KAUST, which is located along the shores of the Red Sea, is working with WHOI scientists to establish the KAUST Marine and Ocean Research Center, which will provide critical information about ocean ecosystems, fisheries, and water circulation along the Saudi Arabian coast in the northern central Red Sea. One of the first projects will be an assessment of the health of the extensive and vital coral reefs in the region and identification of the environmental factors affecting the system.
“This partnership will establish a firm foundation of excellence for KAUST that will help us recruit other scientists and promote our ultimate agenda of scientific discovery,” KAUST’s Interim President Nadhmi Al-Nasr said at today’s signing of the formal agreement between KAUST and WHOI (which announced their intent to collaborate earlier this year). “It will also enrich WHOI’s already prestigious portfolio of scholarship and its reputation as an institution with a reach that extends literally all over the globe.”
“The KAUST-WHOI partnership will bring together a large, interdisciplinary group of researchers, each with their own strengths and experiences,” said Dr. James R. Luyten, acting president and director of WHOI. “With this collaboration, we can bring together different tools, techniques, and minds to gain a broader understanding of the Red Sea and its ecosystems.
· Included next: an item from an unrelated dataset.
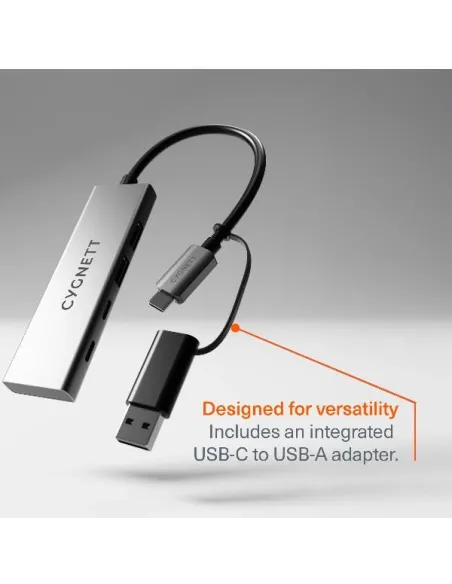 4IN1 USB-C TO USB-C & USB-A HUB
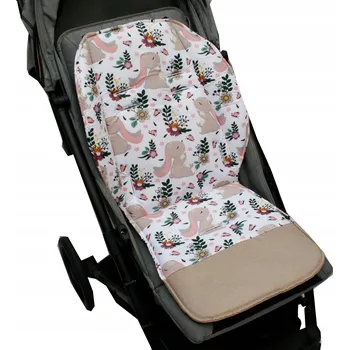 Vložka do kočárku - oboustranná bavlna UNIVERZÁLNÍ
We are proud and excited to be part of this project.”
The multi-year agreement will include three major lines of collaborative research, including:
a three-year fisheries and aquaculture project that will produce an integrated bioeconomic model of the Red Sea coast of Saudi Arabia, describing the dynamic relationships among fish stocks and the fisheries that harvest them;
a coastal hydrography and circulation project that will provide the first comprehensive description of the physical oceanography in the Red Sea;
studies of coral reef ecology that offer a baseline for long-term monitoring of the coastal environment.
In addition to WHOI, KAUST has also signed memoranda of understanding (MOU) to create similar partnerships with the Institut Français du Pétrole in France, the National University of Singapore, Indian Institute of Technology, Bombay and American University in Cairo.
“Collaboration is necessary not just for the institutional development
of KAUST,” Al-Nasr added. “It is also critical to the advancement of science.
As we have learned, it is the way science is practiced in the 21st century.”
King Abdullah University of Science and Technology (KAUST) is being built in Saudi Arabia as an international, graduate-level research university dedicated to inspiring a new age of scientific achievement in the Kingdom, the region and around the globe. As an independent, merit-based institution, KAUST will employ many of the best practices from leading research universities and enable top researchers from around the globe and across all cultures to work together to solve challenging scientific and technological issues. The KAUST global research and education network will support diverse talents, both on its campus and at other premier universities and research institutions, through collaborative research agreements, grants, and student scholarship programs. The core campus, located on more than 36 million square meters on the Red Sea at Thuwal, is set to open in September 2009.
The Woods Hole Oceanographic Institution is a private, independent organization in Falmouth, Massachusetts, USA, dedicated to marine research, engineering, and higher education. Established in 1930 on a recommendation from the National Academy of Sciences, its primary mission is to understand the oceans and their interaction with the Earth as a whole, and to communicate a basic understanding of the ocean's role in the changing global environment.